The following describes the inspection device 30. The inspection device 30 performs an inspection for the good/poor quality of sealing with regard to the sealed portions 6 of the sheet 3 thermally welded by the bag-making mechanism 22 and the sealing mechanism 24.


As shown in FIG. 5 and FIG. 6, the inspection device 30 includes a thickness information obtaining module 40 and a processing execution device 50. According to one or more embodiments, the thickness information obtaining module corresponds to the thickness information obtaining unit, and the processing execution device 50 corresponds to the good/poor quality judgment unit.


The thickness information obtaining module 40 is configured to obtain thickness information regarding the thickness of the sealed portion 6 and includes an illumination device 41 and an imaging device 42. According to one or more embodiments, the illumination device 41 corresponds to the irradiation unit, and the imaging device 42 corresponds to the imaging unit.


The illumination device 41 is placed below the sheet 3 including the sealed portions 6 that are objects to be inspected and includes a light source 41A comprised of, for example, an LED to emit ultraviolet light (for example, light having wavelength of 200 to 380 nm) and a diffusion plate 41B placed between the light source 41A and the sheet 3 and comprised of, for example, ground glass. The illumination device 41 is configured to radiate the diffused ultraviolet light toward the sheet 3 including the sealed portions 6.


The imaging device 42 is provided on a side opposite to the illumination device 41 across the sheet 3. According to one or more embodiments, a CCD camera having sensitivity to at least ultraviolet light is employed as the imaging device 42. The imaging device 42 is, however, not limited to this example, but a CMOS camera may be employed.


The imaging device 42 is configured to take a two-dimensional image of the ultraviolet light transmitted through the sheet 3 when the sheet 3 including the sealed portions 6 is irradiated with the ultraviolet light emitted from the illumination device 41. Image data (luminance image data) obtained by imaging with the imaging device 42 is converted into a digital signal (image signal) inside of the imaging device 42 and is input in the form of digital signal into the processing execution device 50. The image data includes information with regard to the quantities of transmitted light of the sealed portions 6 (luminance values of the sealed portions 6 according to one or more embodiments) as the thickness information. An imaging range of the imaging device 42 is set to a range that covers at least the entire areas of the welded parts 4 and 5. According to one or more embodiments, the imaging device 42 is configured to respectively take images of the welded part 4 and the welded part 5 and obtain respective image data with regard to the welded part 4 and with regard to the welded part 5.

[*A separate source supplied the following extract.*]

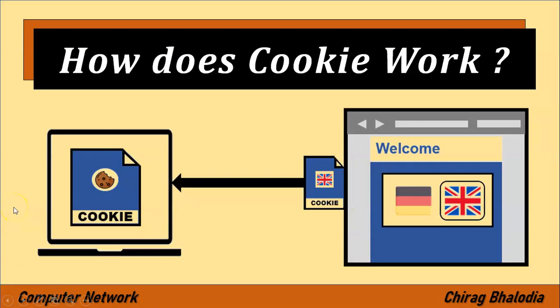Hello friends, welcome back to my channel, myself Chirag. In this video I am going to discuss how does cookie work, a topic of computer network.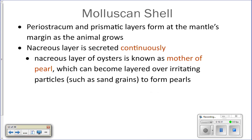If a mollusk wants to grow, it secretes the periostracum and prismatic layer at the edge of the shell, adding more and more so the shell wraps around and keeps growing. The nacre layer is always being secreted. When an irritant like a grain of sand gets into an oyster, they secrete the nacre layer around it and create a little pearl — which doesn't have sharp edges — and that's how pearls are formed.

The processing execution device 50 is configured to determine the good/poor quality of the sealed portions 6, based on the image data obtained by the imaging device 42 (more specifically, the information with regard to the quantities of transmitted light of the sealed portions 6 as the thickness information obtained from the image data). The processing execution device 50 is configured as a so-called computer system that includes, for example, a central processing unit (CPU) serving as the arithmetic unit, a ROM serving to store various programs, and a RAM serving to temporarily store a variety of data such as arithmetic data and input and output data. The processing execution device 50 includes an image memory 51, an inspection result storage device 52, a quality judgment memory 53, an image and inspection conditions storage device 54, a camera timing control device 55, and a CPU and input/output interface 56.


The image memory 51 is configured to store image data obtained by the imaging device 42. An inspection is performed, based on the image data stored in this image memory 51. The image data may be processed before the inspection is performed. For example, the image data may be processed by a masking process or a shading correction. There is a technical limitation in uniformly irradiating an entire imaging range with the lights emitted from the illumination device 41. The shading correction is accordingly performed to correct a variation in luminosity of light caused by a difference in position. Binarized image data obtained by a binarizing process of the image data, masked image data obtained by a masking process of the image data and the like are also stored into the image memory 51.


The inspection result storage device 52 is configured to store, for example, good/poor quality judgment result data and statistical data obtained by probability statistical processing of the good/poor quality judgment result data.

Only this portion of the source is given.